Fake speech detection systems have become a necessity to combat against speech deepfakes. Current systems exhibit poor generalizability on out-of-domain speech samples due to lack to diverse training data. In this paper, we attempt to address domain generalization issue by proposing a novel speech representation using self-supervised (SSL) speech embeddings and the Modulation Spectrogram (MS) feature. A fusion strategy is used to combine both speech representations to introduce a new front-end for the classification task. The proposed SSL+MS fusion representation is passed to the AASIST back-end network. Experiments are conducted on monolingual and multilingual fake speech datasets to evaluate the efficacy of the proposed model architecture in cross-dataset and multilingual cases. The proposed model achieves a relative performance improvement of 37% and 20% on the ASVspoof 2019 and MLAAD datasets, respectively, in in-domain settings compared to the baseline. In the out-of-domain scenario, the model trained on ASVspoof 2019 shows a 36% relative improvement when evaluated on the MLAAD dataset.
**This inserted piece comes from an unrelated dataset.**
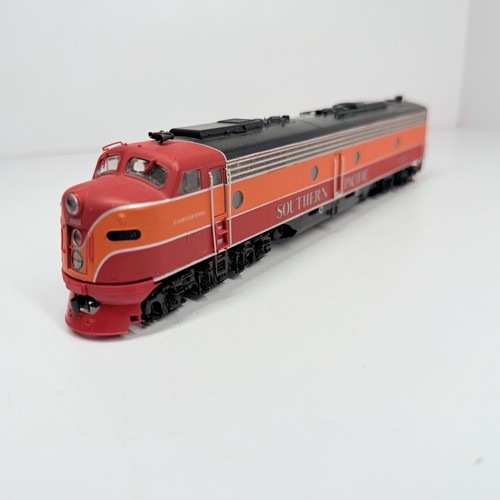 HO Scale Life-Like Proto 2000 Southern Pacific E8/9 Diesel Locomotive #6051 - Picture 3 of 11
Across all evaluated languages, the proposed model consistently outperforms the baseline, indicating enhanced domain generalization.


Key findings
The proposed model significantly outperforms the baseline in both in-domain and cross-dataset evaluations, showing a relative improvement of up to 37%. The model also demonstrates improved generalization across multiple languages, indicating enhanced robustness to domain shifts and language variations.
Approach
The authors address the domain generalization problem in fake speech detection by fusing self-supervised learning (SSL) embeddings with modulation spectrogram features. A multi-head attention mechanism combines these representations, which are then input to an AASIST network for classification. This approach aims to leverage both frame-level and prosodic-level information for improved robustness.
Datasets
ASVspoof 2019 Logical Access (LA), ASVspoof 2021 LA, and MLAAD datasets.
Model(s)
wav2vec 2.0 XLS-R (for SSL embeddings), AASIST network.
Author countries
India, Finland